In this environment, the region needs growth in what would be considered non-traditional sectors. And there are opportunities in realms such as food science and food tech, clean energy and clean tech, and data centers, including a proposed, $3 billion project in Westfield that would be the largest of its kind in the state. Growth of these sectors and others represents the region’s best opportunity to create new jobs and perhaps replace those that will be lost in other areas.
• More creative use and re-use of commercial real estate. We’ve seen a lot of it in recent years, from former department stores converted into trampoline centers to the YMCA moving into Tower Square in Springfield; from artists moving into several old mills to Discovery Polytech Early College High School relocating to 1350 Main St., another office tower in downtown Springfield.
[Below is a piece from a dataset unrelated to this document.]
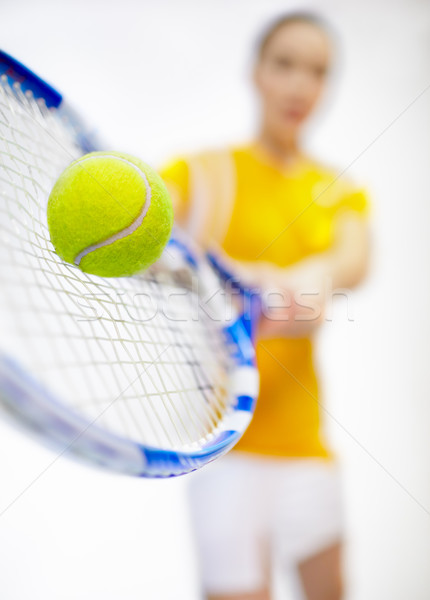 Tenis player femeie racheta de tenis bilă Imagine de stoc © zastavkin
And we’ll need to see more it as sectors continue to shrink through consolidation and remote work continues to create more vacancies in office buildings. Creative re-use, be it housing, artists, schools, or small-business incubators, creates jobs and vibrancy.
• More people going to the office, and more often. Yes, there is a place for remote work and hybrid schedules — when such accommodations are needed, and maybe a day or two a week for those seeking a regular schedule of working from home. But having people in the office is better for businesses of all kinds, from the standpoints of communication, collaboration, and productivity, and better for communities and their central business districts.
Companies such as Amazon and even President-elect Trump are, or soon will be, ordering people back to work — or else. Business owners don’t need to be so demanding, we believe, but more work in the office and less remote work is good for the region’s economy.
• More entrepreneurship. Or even more, as the case may be. We’ve been encouraged by the efforts of several area agencies — from EforAll to area chambers of commerce to the Latino Economic Development Corp. — to encourage entrepreneurship among all constituencies, but especially women and minorities, and help businesses get off the ground and stay in business.
Such efforts not only enable people to work for themselves instead of someone else, they create jobs, fill some of those commercial real-estate vacancies, and create vibrancy in our gateway cities. Most of these businesses are small, as in very small, and most will not create more than a handful of jobs, but such ventures are an important source of growth for any region.